Without anticipating some kind of response, without contemplating some kind of interaction, without expectations in a relationship, there is no interaction, hence there is no love. Love does make demands. No matter how much we want love from others it is a mistake to think we can expect that love without expecting obligations.

A young couple went to a minister for a reality check. They spoke of their love for one another. Because of their love and trust in one another, they wanted to live together. They considered their relationship so beautiful, so meaningful and so much of God that they did not feel the need to encumber themselves with any legal document to bind them.

The minister gave them another sense of reality. He pointed out that if their love were truly that strong, each would want to promise the other publicly, before the whole community, that they would never leave, that they would never give up that relationship.

Loving people is giving them a commitment that they willingly receive. If they are unable or unwilling to receive it, then that commitment, is not real love because it is incomplete.
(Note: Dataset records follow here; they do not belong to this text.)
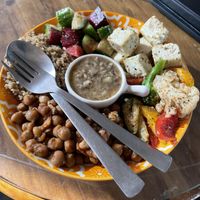 Bhumi bliss bowl w tofu 4/10  at Bhūmi Café in Rishikesh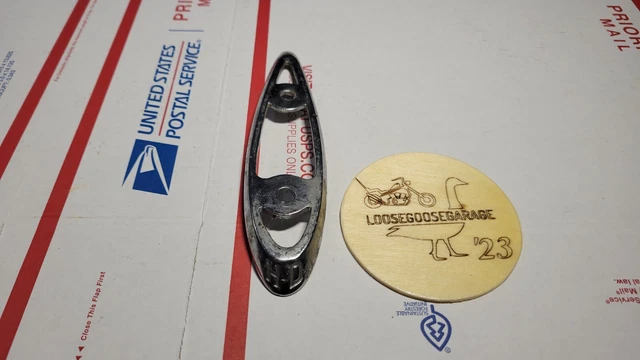 OEM Harley Davidson 91569-89 Front Fender Ornament Base Mount Bracket HD Eagle OEM Harley Davidson 91569-89 Front Fender Ornament Base Mount Bracket HD Eagle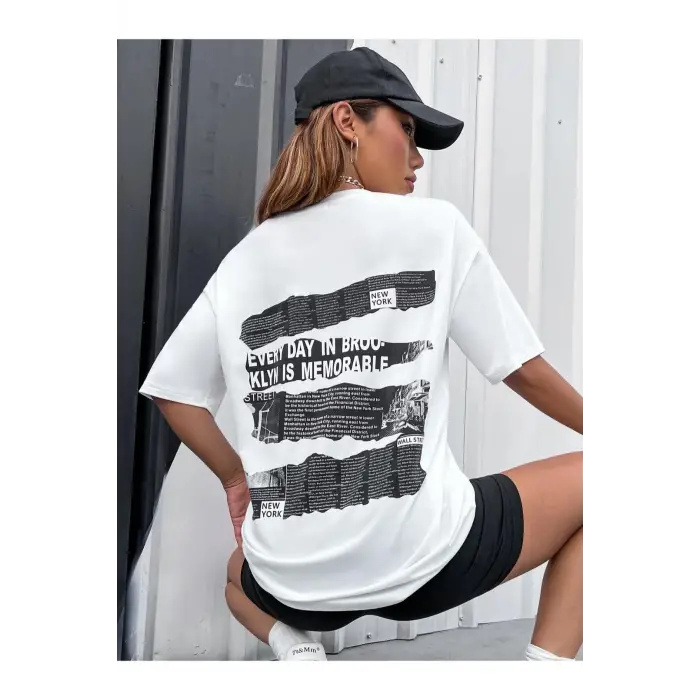Brooklyn Slogan Baskılı Gazete Desenli Oversize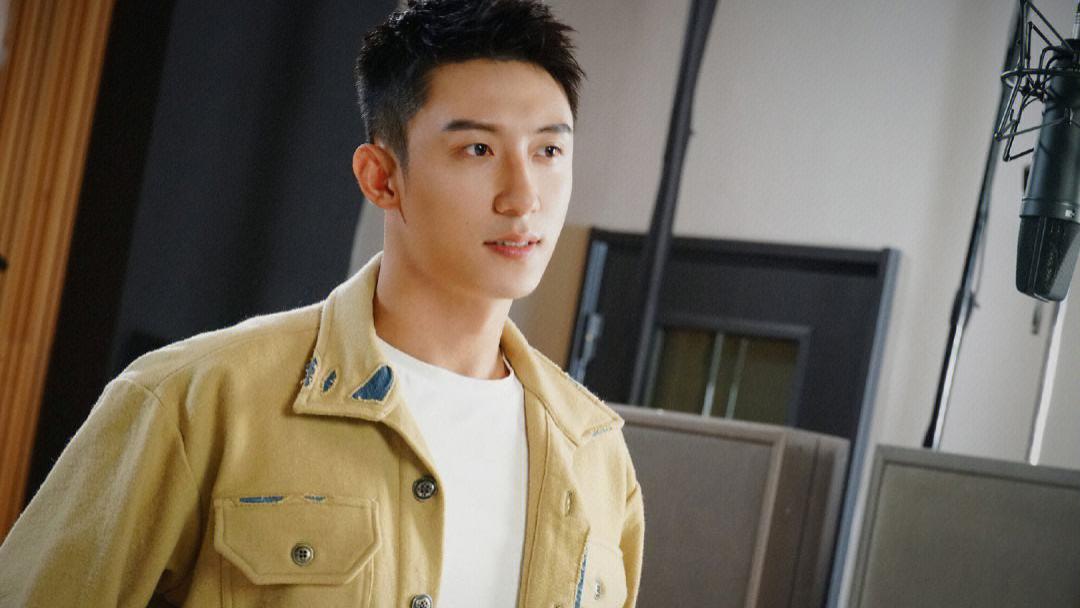 黄景瑜|疑黄景瑜和前妻录音曝光，被指婚内出轨，被迫退圈的霍尊太冤枉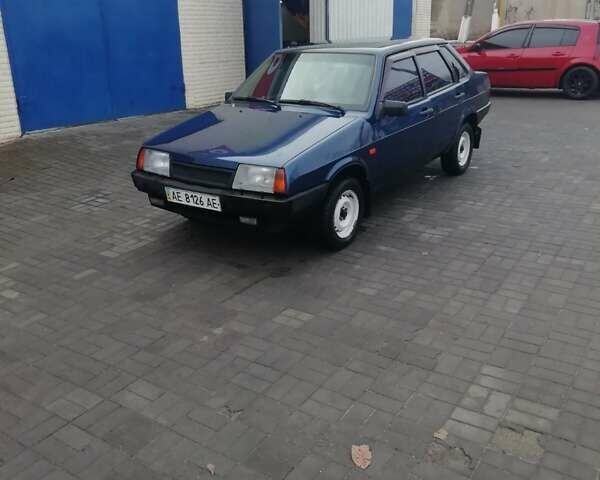 Синий ВАЗ 21099, объемом двигателя 1.5 л и пробегом 185 тыс. км за 2500 $, фото 1 на Automoto.ua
The sentiment might be beneficent and gracious, but it is not love because love never fails. 1 Corinthians 13 does not say that Love:

  • never forbids.
  • never causes disappointment.
  • approves you just as you are.
  • never requires anything of you.
  • gives you everything you want.
  • makes you happy all the time.
  • makes you the most likeable person around.
  • is a cure for bad moods.
  • makes the truth what you want it to be.
  • keeps you from making mistakes.

Whether we talk in terms of “tough love” or “unconditional love,” we are not talking about different kinds of love, but about differing aspects of the same characteristic of godly behavior. Love is many things, but above all, it is a behavior that varies with need. Loving behavior can range from warm acceptance and approval to firm insistence that the beloved consider the consequences of who they have become, what they are doing, and where they are headed. After all, if we know that a friend has come to the point of rejecting the gospel and denying Christ and is headed for the consequences of a Christless eternity, not to tell him or her the good news of Jesus as savior is to let that individual down.

Godly love makes us sometimes hard and other times soft. The texture of our behavior ought to change according to what is appropriate—and knowing what is appropriate is one of the characteristics of God’s love.